# Extracted data entries:
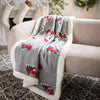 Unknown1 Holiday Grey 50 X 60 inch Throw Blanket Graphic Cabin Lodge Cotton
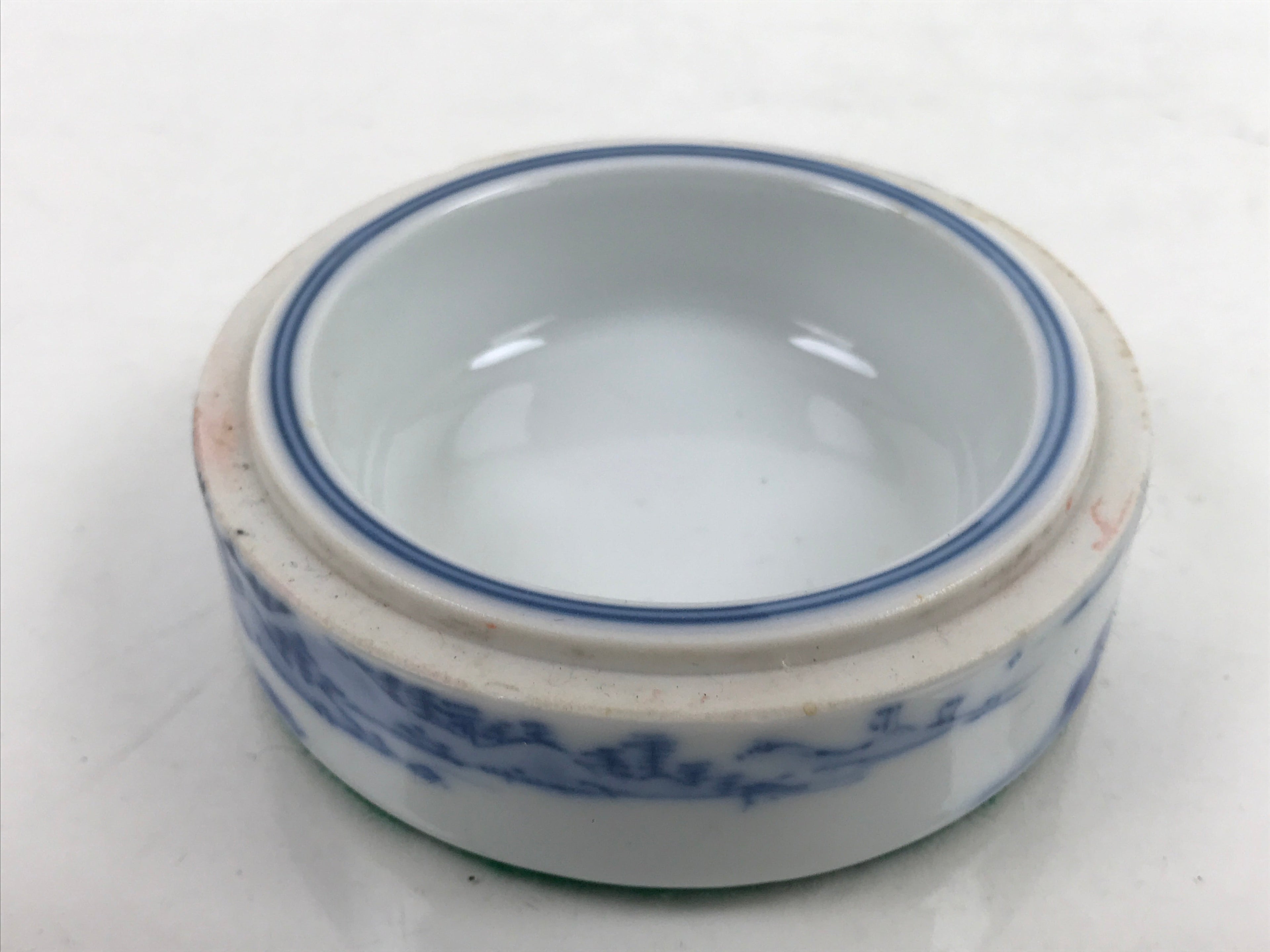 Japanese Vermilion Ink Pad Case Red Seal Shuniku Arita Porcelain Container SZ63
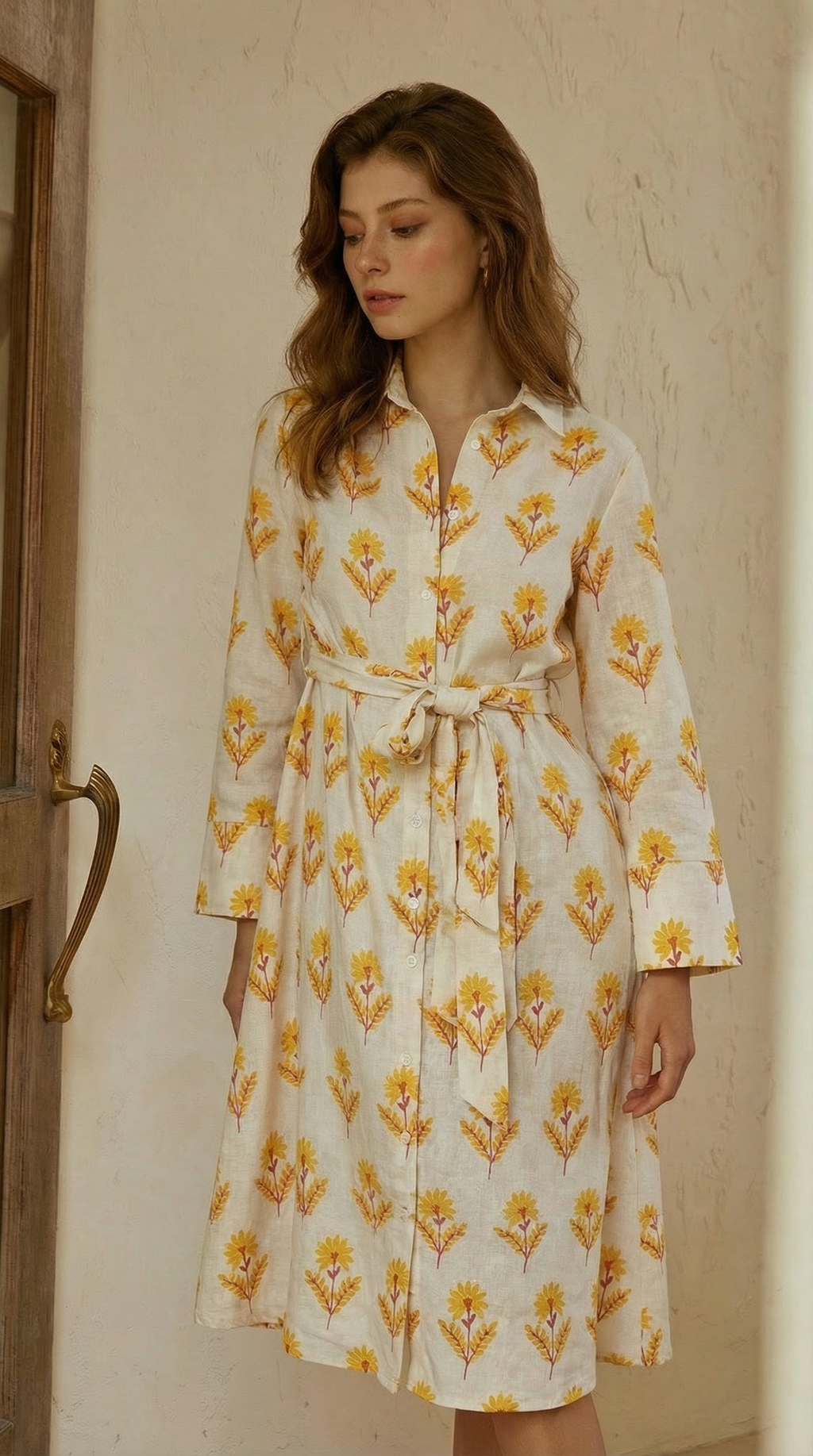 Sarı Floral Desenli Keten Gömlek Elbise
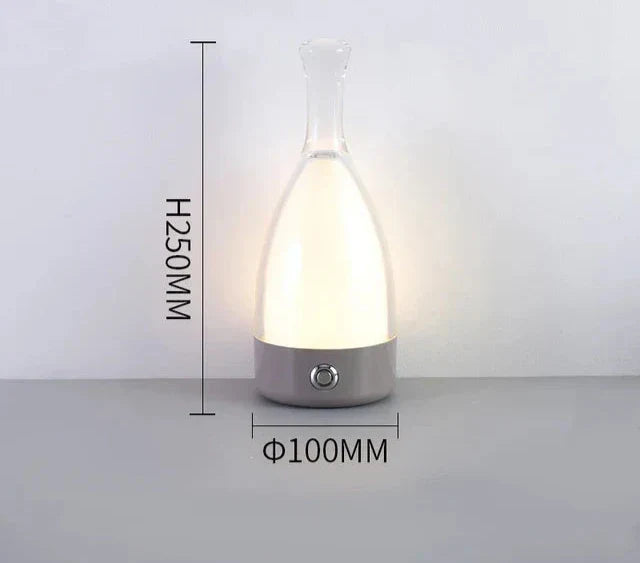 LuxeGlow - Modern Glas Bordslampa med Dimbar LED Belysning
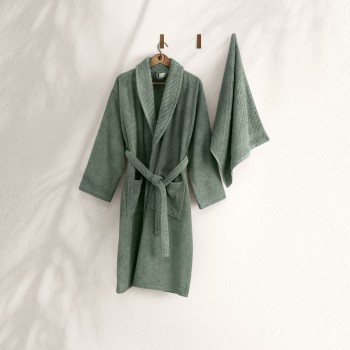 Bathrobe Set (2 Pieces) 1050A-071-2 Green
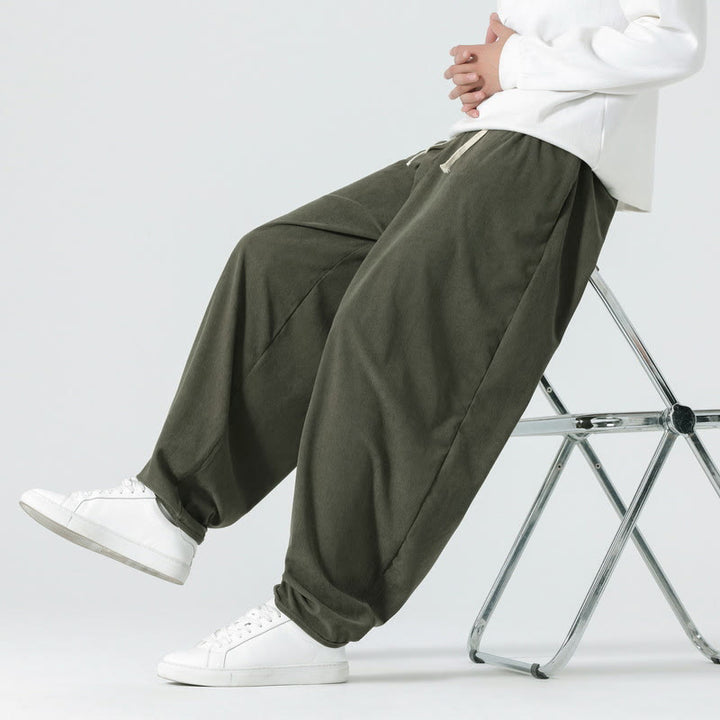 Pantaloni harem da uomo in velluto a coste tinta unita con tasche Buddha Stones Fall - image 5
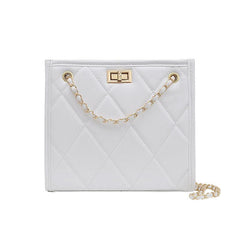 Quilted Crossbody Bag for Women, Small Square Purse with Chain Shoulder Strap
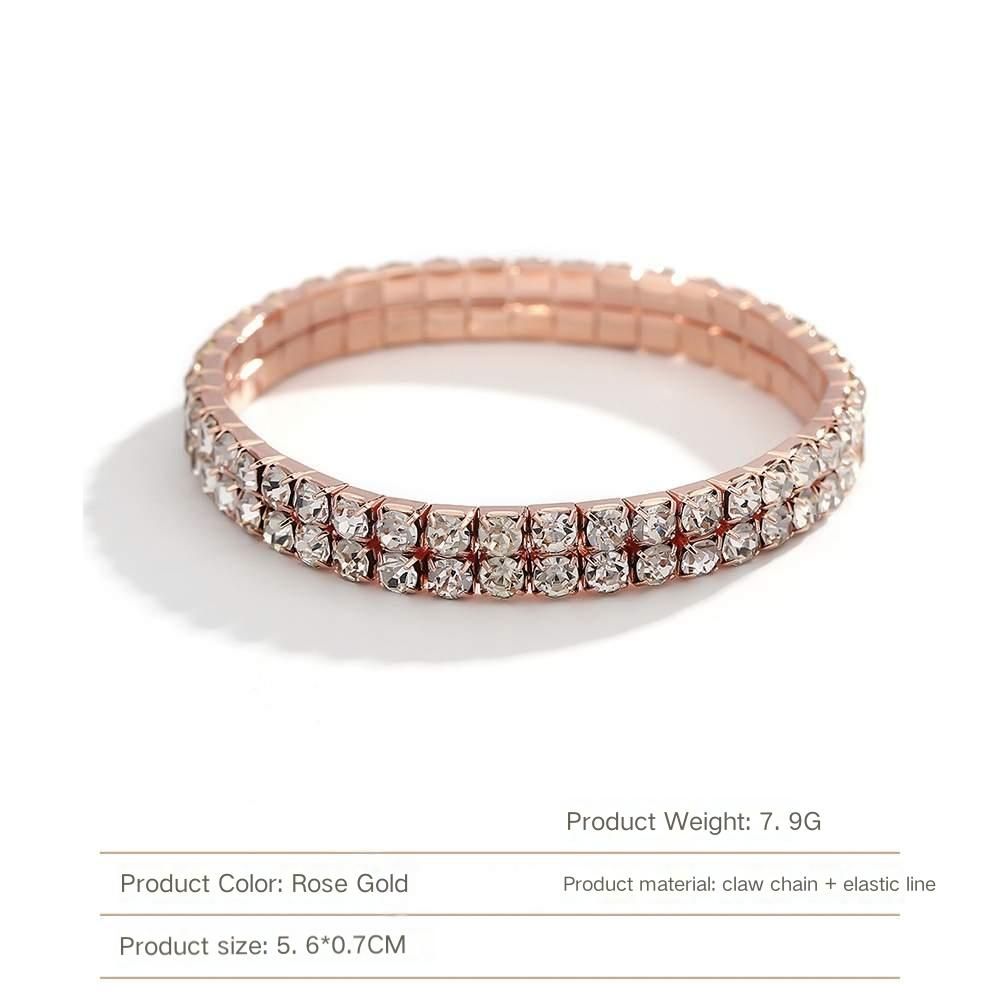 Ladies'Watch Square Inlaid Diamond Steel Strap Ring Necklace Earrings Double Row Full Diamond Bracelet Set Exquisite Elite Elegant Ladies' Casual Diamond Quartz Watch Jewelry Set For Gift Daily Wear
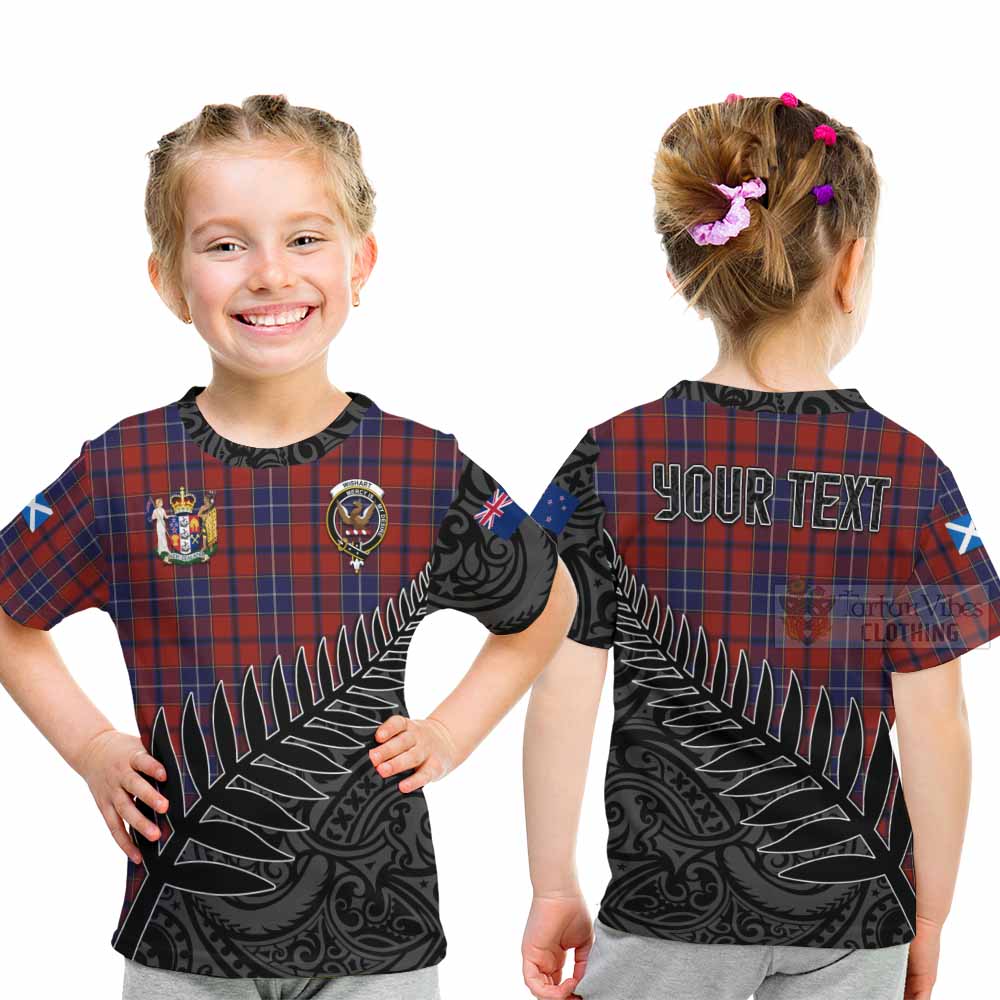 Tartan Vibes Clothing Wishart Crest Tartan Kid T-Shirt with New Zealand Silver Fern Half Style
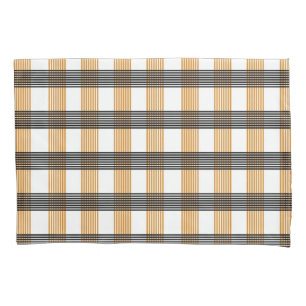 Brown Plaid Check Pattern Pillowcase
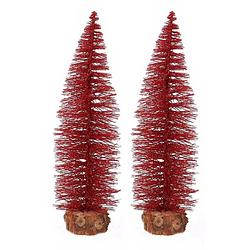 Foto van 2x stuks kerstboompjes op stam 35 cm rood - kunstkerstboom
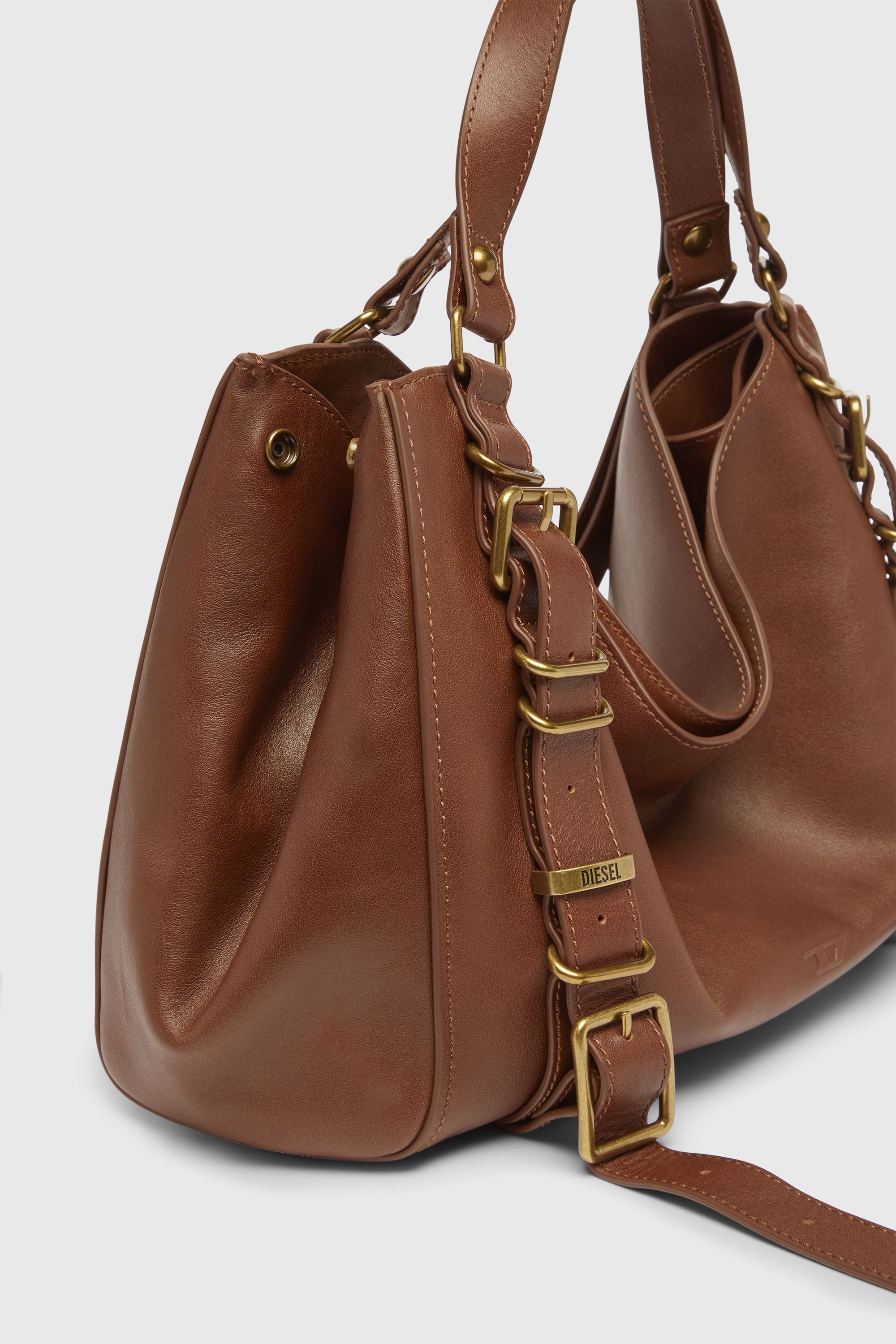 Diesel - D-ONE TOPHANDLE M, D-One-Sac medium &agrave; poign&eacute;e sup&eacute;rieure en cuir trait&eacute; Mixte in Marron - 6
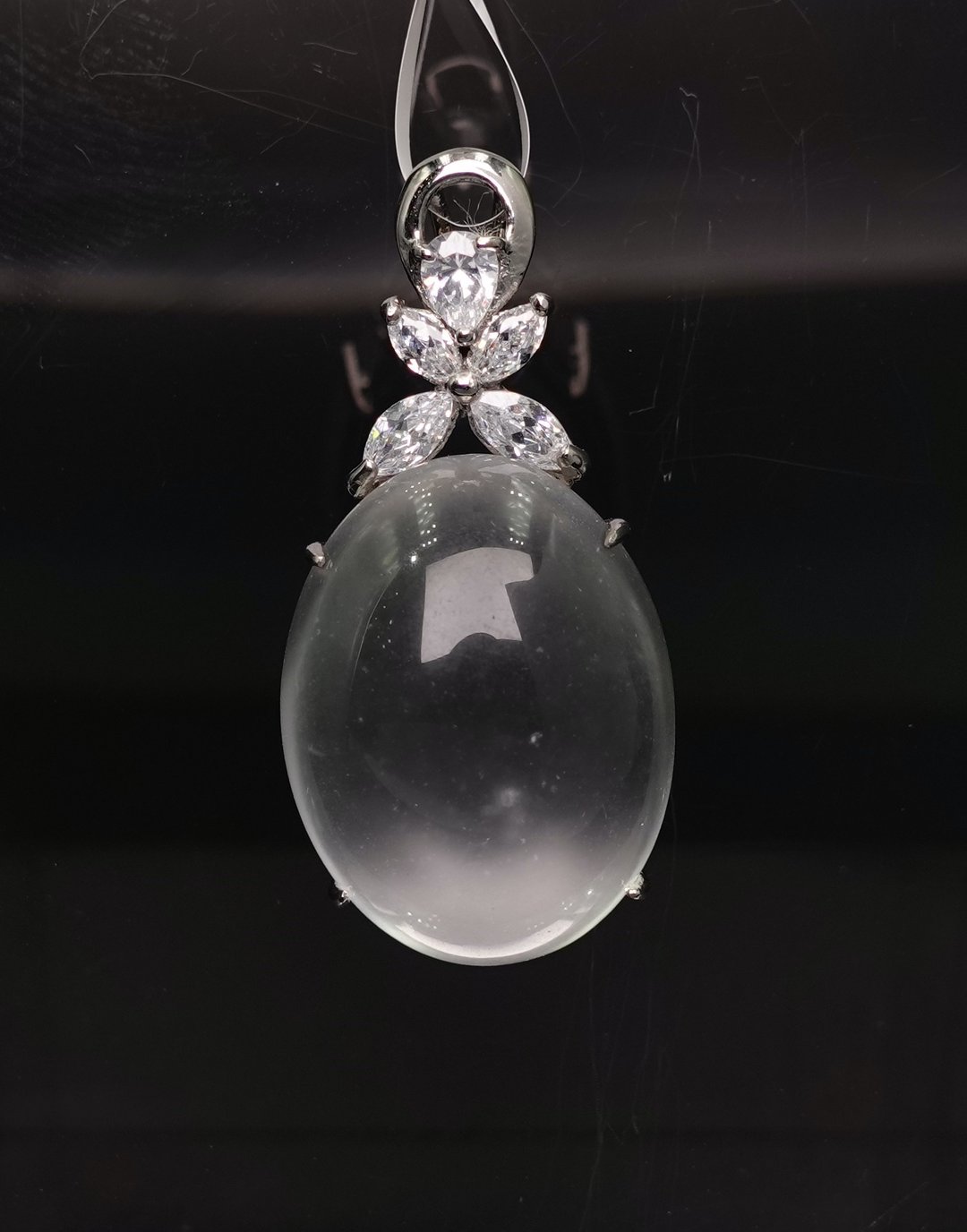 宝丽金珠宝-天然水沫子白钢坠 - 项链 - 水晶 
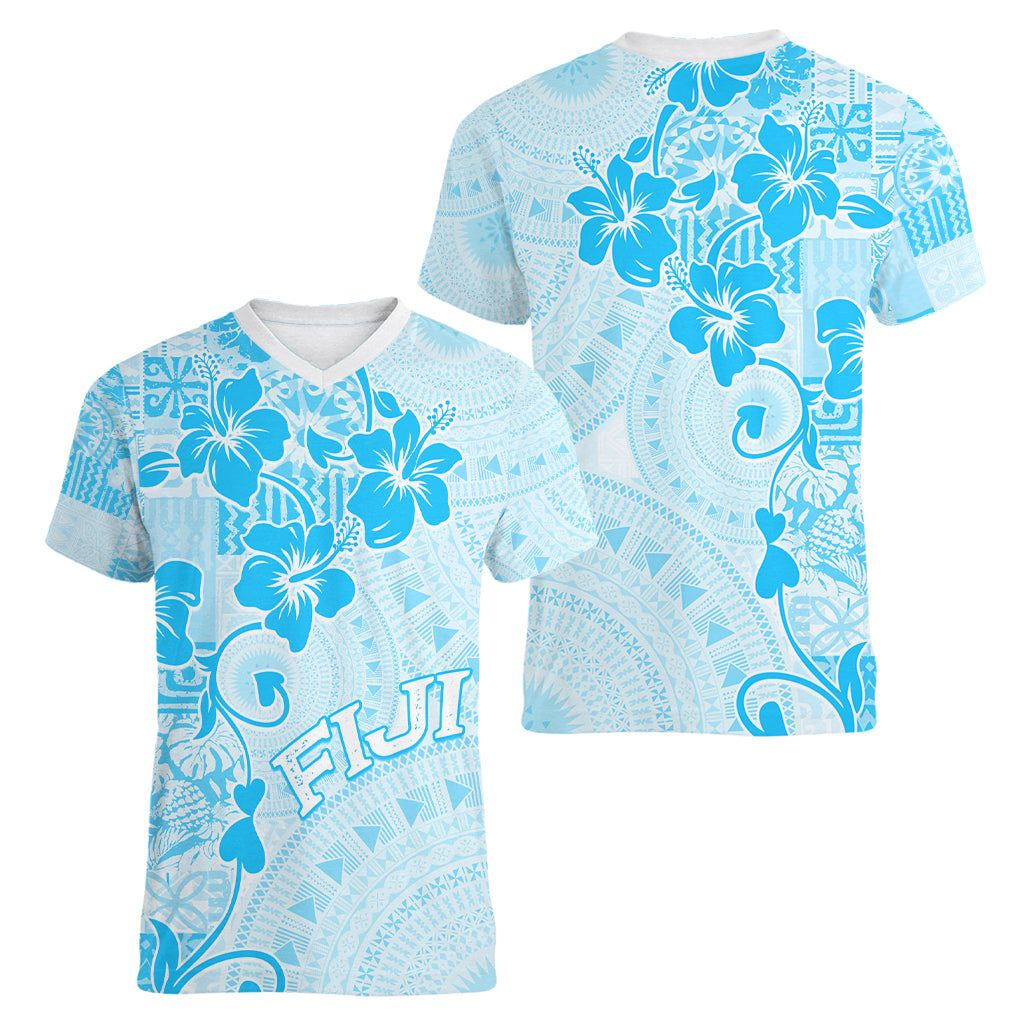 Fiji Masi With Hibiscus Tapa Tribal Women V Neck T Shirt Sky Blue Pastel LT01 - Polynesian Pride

# About this exercise:
Give again, word for word, only the lines from the one with "Tartan Vibes Clothing" through the last line of the entries, both included; no pictures go in the copy.

# Solution to this problem:
 Tartan Vibes Clothing Wishart Crest Tartan Kid T-Shirt with New Zealand Silver Fern Half Style
 Brown Plaid Check Pattern Pillowcase
 Foto van 2x stuks kerstboompjes op stam 35 cm rood - kunstkerstboom
 Diesel - D-ONE TOPHANDLE M, D-One-Sac medium &agrave; poign&eacute;e sup&eacute;rieure en cuir trait&eacute; Mixte in Marron - 6
 宝丽金珠宝-天然水沫子白钢坠 - 项链 - 水晶 
 Fiji Masi With Hibiscus Tapa Tribal Women V Neck T Shirt Sky Blue Pastel LT01 - Polynesian Pride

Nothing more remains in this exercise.